Che ci fa un Ippopotamo sull’Adamello?!

Il cannone 149/23 “Ippopotamo” nella sua attuale collocazione


Oggi è il 4 novembre e si ricorda la vittoria italiana nella Grande Guerra. Di tutti i fronti, quello della Guerra Bianca in alta quota è forse il più singolare e suggestivo, perché fino ad allora mai un conflitto era stato combattuto a quelle altezze, e non esistevano manuali militari con esperienze passate da cui attingere.Fu così che il Pian di Neve, uno dei ghiacciai più grandi d’Europa, da gelido e silenzioso manto candido, si tramutò in rosso campo di battaglia.
Gli italiani volevano portare in quota una bocca da fuoco sufficientemente potente da intimidire le difese austro-ungariche e siccome per i comandi il fronte dell’Adamello era una linea difensiva, le artiglierie erano composte principalmente da pezzi antiquati. Tra questi c’era il cannone da 149/23 che arrivò a Temù il 9 febbraio 1916 e doveva essere trainato in quota. Il peso complessivo del pezzo era di almeno 60 quintali, fu diviso in più carichi stipati su slitte, ma la canna da sola, che era in ghisa, ne pesava 30!
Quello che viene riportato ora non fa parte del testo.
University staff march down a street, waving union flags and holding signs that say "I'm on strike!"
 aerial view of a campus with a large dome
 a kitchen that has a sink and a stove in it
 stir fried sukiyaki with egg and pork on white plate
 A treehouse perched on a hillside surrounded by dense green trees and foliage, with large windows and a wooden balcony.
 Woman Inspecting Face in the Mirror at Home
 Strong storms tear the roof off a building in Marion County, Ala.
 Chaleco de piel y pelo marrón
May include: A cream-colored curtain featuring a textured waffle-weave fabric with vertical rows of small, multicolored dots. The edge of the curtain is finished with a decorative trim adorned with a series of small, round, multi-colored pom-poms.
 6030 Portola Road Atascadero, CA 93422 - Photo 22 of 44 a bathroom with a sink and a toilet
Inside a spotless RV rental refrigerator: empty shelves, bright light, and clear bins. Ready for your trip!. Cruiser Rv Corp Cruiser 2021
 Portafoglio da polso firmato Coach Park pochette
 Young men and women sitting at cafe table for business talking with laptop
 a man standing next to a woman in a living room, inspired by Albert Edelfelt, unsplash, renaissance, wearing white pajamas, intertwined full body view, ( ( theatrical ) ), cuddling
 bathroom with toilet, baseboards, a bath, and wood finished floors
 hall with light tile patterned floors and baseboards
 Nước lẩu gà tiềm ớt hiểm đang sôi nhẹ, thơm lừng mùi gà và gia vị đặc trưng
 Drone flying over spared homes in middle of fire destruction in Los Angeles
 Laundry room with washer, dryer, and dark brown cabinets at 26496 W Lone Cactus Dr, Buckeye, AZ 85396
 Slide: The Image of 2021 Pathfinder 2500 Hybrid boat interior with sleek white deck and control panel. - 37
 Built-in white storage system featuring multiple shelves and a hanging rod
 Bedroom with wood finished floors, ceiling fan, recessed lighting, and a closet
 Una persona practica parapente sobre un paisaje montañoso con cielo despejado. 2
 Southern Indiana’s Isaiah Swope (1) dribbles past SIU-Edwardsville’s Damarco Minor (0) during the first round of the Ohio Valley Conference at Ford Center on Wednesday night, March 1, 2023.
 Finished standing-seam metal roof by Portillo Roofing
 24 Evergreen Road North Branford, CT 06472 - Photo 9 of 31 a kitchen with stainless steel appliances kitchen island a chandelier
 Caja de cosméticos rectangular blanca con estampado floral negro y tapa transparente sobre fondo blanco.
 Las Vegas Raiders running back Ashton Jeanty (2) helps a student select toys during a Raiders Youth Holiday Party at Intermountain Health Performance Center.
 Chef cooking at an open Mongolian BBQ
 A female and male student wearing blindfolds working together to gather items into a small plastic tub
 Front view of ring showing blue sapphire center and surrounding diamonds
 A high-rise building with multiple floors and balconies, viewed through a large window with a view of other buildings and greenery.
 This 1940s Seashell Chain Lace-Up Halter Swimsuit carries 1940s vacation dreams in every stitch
Servirono sessanta artiglieri, tredici genieri e circa duecento/trecento alpini per trainarlo. Furono loro a ribattezzarlo “Ippopotamo”. La prima tappa del lungo trasporto era il Rifugio Garibaldi, dove arrivò il 17 aprile tra immaginabili fatiche e una tragedia. L’8 marzo precedente, infatti, una valanga travolse il cannone e molti degli addetti. Ne morirono 39 e il cannone fu trascinato a valle e sepolto dalla neve, costringendo gli addetti ad una ricerca durata una settimana.

Il 27 aprile, finalmente, il cannone raggiunse il Passo del Venerocolo, a 3.236 m di quota e già il 29 partecipò con la sua azione di fuoco alla conquista dei ghiacciai, con l’occupazione della dorsale da Fargorida al Passo di Cavento. L’azione di quel temerario trasporto durato mesi di fatiche e numerosi morti, è stata ripresa dalle cineprese della propaganda italiana a testimonianza dell’ardimento dei nostri ragazzi.

Fra il 4 e il 6 giugno del 1917 dal Passo Venerocolo venne portato a Cresta Croce e contribuì, il 15 giugno, all’attacco al Corno di Cavento. Dopo l’estate del 1918 la sua voce tacque e alla fine della guerra fu lasciato lì, dove ancora dimora in ricordo di quei giorni sanguinosi in cui gli uomini portarono la guerra in cielo.